Well it seems that if we move to 8K TVs later, that filmmakers who still want to shoot on film will have to move up to shooting on 70mm film, more than 35mm to keep up.
Well yes and no.

Most big films today are 2K digital intermediates and those can still look beautiful on a 4K screen even the source is half the size. That would be the same of 4K content to 8K screen. And if it ever gets possible, a 6K scan of 35mm and then shown on an 8K screen would be even better.

But I wouldn’t worry to much yet. 4K is still not widely supported or integrated yet. I mean, Samsung’s first 8K screen didn’t even have the needed hardware to even support the 8K content available



35mm film is about 90 megapixels... which equates to around "6K" in modern terms.
Working in photography really its not that simple, you can scan 35mm film to that degree but your well into the realms of diminishing returns.

Film generally behaves in a rather different fashion to digital, flaws are visable earlier but the dropoff in quality as you increase display resolution is also more gradual and pleasing.

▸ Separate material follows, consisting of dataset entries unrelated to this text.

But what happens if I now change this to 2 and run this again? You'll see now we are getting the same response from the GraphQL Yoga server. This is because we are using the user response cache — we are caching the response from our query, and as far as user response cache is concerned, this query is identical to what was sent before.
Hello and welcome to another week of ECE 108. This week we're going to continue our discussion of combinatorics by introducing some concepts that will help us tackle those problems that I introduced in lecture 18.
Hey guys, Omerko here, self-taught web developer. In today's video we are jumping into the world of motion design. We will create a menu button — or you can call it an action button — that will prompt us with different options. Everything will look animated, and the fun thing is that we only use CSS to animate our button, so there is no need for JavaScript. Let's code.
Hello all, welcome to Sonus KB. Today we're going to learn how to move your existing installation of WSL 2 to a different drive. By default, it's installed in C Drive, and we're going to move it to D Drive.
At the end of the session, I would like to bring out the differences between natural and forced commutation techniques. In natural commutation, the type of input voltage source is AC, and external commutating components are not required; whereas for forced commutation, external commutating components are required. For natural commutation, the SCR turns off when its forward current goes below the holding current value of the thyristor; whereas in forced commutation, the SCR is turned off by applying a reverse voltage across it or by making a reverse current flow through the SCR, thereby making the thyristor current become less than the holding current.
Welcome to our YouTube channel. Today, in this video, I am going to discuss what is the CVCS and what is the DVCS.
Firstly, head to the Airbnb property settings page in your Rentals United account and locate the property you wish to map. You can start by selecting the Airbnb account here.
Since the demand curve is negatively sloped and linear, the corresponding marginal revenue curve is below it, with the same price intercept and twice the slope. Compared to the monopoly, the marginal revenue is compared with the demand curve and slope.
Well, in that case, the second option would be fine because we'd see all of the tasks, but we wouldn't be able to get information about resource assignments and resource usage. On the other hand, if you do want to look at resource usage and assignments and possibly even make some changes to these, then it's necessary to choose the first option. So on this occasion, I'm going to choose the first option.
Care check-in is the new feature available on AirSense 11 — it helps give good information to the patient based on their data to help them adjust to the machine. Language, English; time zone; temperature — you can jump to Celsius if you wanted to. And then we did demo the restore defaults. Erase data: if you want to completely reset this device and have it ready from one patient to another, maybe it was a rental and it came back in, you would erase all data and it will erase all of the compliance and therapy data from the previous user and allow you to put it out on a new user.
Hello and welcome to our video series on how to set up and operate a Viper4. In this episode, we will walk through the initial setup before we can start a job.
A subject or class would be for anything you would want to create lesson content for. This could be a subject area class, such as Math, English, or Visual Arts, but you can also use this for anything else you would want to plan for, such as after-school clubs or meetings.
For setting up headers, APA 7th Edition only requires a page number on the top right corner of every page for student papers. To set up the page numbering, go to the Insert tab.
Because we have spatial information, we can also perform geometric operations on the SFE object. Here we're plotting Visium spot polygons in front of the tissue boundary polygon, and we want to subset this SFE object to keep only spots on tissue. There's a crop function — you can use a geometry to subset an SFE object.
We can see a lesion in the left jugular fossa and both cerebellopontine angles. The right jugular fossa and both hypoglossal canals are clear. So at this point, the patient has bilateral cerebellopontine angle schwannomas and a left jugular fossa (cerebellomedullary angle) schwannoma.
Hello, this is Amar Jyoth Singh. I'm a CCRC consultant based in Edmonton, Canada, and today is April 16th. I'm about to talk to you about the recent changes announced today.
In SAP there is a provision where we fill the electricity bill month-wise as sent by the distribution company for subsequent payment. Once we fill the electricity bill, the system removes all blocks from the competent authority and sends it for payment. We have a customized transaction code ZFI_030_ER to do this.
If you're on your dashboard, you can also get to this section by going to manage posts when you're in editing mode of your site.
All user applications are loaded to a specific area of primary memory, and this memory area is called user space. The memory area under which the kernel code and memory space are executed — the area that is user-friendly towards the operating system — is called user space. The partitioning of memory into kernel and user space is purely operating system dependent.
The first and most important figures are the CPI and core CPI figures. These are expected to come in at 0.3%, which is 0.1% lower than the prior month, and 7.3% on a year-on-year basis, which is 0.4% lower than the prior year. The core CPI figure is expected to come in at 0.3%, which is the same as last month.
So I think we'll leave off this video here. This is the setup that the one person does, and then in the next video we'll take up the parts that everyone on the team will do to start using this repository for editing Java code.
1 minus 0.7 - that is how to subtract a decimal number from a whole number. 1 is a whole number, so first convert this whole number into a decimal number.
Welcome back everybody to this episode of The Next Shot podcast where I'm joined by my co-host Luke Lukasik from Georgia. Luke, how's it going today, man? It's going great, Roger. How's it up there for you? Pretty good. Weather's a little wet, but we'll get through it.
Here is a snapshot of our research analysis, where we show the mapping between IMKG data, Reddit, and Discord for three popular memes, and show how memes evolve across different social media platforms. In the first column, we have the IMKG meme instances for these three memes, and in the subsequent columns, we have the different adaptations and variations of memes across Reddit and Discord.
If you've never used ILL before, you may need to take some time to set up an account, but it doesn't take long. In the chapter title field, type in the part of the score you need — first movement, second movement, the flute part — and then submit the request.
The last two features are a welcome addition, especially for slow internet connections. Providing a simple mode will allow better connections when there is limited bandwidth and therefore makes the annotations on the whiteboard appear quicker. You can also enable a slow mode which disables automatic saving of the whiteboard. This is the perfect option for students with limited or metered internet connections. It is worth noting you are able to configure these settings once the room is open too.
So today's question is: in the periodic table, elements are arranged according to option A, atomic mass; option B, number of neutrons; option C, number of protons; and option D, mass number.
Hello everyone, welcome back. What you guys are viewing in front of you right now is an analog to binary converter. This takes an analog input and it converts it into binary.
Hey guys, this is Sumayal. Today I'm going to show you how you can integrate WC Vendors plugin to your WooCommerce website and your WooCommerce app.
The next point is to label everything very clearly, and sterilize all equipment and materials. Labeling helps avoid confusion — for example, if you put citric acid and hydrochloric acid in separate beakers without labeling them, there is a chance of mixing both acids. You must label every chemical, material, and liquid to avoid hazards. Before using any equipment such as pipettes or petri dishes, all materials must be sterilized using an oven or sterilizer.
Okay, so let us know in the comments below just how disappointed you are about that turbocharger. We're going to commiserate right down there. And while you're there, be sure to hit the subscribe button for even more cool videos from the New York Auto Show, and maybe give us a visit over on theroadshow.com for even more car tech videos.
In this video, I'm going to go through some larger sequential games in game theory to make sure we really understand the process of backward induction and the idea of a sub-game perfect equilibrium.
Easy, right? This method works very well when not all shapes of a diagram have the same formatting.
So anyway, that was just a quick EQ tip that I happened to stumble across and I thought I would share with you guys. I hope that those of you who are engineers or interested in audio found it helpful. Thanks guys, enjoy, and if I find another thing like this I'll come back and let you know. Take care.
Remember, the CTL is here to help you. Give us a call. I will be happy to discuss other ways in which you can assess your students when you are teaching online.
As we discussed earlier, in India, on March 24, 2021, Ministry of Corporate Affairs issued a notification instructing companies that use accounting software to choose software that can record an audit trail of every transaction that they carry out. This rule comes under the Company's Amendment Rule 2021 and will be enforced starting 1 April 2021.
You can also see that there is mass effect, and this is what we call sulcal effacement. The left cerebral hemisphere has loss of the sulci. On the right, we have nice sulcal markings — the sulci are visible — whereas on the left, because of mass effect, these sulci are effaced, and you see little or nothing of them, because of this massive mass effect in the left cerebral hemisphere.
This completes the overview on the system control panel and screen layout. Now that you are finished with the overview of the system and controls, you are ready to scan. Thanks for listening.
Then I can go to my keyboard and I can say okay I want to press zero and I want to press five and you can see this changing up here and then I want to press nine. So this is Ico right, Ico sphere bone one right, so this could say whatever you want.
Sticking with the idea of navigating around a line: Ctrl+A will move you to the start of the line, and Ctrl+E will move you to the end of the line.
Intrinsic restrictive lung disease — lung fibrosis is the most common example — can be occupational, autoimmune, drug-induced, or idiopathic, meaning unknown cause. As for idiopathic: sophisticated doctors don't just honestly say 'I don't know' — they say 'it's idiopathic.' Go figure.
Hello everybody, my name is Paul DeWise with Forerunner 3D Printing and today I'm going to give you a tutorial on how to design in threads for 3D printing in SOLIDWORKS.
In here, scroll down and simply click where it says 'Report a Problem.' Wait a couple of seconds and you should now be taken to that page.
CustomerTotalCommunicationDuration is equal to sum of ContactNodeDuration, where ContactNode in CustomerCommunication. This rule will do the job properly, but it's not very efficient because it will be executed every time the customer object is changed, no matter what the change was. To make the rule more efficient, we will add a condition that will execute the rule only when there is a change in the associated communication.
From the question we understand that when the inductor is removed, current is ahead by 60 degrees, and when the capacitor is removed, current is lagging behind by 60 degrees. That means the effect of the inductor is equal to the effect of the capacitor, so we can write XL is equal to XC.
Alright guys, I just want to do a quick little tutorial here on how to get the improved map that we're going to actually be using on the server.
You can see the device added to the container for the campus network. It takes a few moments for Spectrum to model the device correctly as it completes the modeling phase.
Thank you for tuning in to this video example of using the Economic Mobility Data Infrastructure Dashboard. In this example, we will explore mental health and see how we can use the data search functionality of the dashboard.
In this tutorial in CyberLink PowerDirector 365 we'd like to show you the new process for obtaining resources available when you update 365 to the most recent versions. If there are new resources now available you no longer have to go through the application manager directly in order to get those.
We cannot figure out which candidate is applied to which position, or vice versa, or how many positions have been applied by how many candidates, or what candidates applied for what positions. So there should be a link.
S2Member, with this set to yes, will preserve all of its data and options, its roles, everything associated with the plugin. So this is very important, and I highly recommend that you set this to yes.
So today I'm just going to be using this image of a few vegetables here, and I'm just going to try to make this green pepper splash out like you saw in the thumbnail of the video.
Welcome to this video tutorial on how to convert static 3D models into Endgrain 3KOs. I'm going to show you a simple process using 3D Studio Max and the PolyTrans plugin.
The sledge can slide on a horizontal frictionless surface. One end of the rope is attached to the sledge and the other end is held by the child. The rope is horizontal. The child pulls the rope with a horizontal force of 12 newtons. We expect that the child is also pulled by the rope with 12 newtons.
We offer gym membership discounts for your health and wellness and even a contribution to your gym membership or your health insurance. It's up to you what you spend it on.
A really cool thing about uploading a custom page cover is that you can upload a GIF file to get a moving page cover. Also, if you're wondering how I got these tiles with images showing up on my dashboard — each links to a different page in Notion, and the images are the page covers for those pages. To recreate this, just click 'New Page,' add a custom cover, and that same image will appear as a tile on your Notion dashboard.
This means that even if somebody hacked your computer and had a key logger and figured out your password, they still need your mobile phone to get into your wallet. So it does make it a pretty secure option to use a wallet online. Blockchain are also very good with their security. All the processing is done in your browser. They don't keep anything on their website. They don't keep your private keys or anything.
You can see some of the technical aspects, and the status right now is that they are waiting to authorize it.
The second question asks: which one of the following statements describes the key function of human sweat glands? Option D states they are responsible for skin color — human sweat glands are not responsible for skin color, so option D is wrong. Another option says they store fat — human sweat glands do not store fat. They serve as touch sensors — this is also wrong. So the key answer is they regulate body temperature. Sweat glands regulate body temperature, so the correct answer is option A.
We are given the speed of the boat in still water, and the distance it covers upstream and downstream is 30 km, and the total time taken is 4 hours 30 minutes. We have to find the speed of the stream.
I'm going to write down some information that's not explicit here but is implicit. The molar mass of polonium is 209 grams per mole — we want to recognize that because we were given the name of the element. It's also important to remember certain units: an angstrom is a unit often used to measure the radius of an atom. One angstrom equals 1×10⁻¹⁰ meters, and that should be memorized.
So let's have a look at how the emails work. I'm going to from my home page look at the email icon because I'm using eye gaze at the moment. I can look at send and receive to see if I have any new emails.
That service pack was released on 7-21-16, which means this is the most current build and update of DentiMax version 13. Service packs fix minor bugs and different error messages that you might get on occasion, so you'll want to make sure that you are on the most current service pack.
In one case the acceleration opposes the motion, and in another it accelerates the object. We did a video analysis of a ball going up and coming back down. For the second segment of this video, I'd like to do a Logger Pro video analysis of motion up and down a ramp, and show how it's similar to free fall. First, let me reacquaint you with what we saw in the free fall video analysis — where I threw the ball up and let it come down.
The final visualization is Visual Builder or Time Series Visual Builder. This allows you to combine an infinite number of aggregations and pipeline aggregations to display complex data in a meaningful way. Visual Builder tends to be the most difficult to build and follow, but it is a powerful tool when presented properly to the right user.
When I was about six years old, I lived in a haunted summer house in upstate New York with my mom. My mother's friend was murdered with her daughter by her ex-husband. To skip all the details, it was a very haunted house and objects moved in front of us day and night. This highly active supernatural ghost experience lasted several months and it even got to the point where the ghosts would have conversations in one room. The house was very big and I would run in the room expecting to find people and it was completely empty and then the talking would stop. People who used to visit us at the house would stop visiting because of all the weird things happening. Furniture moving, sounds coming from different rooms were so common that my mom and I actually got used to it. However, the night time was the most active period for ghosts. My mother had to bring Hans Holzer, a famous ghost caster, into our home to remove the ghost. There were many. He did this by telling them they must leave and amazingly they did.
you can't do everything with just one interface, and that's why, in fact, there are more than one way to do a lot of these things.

So its less a case of 35mm suddenly hitting a wall and more a case of diminishing returns as you increase resolution. I'd say 4K is likely to show improvement for most films with decent source material but perhaps not quite as much as you'd expect purely from the figures, 8K will probably be more of a letdown, more suited eo either modern films or films with a larger format film, no coincidence that 2001 was chosen for an 8K demo.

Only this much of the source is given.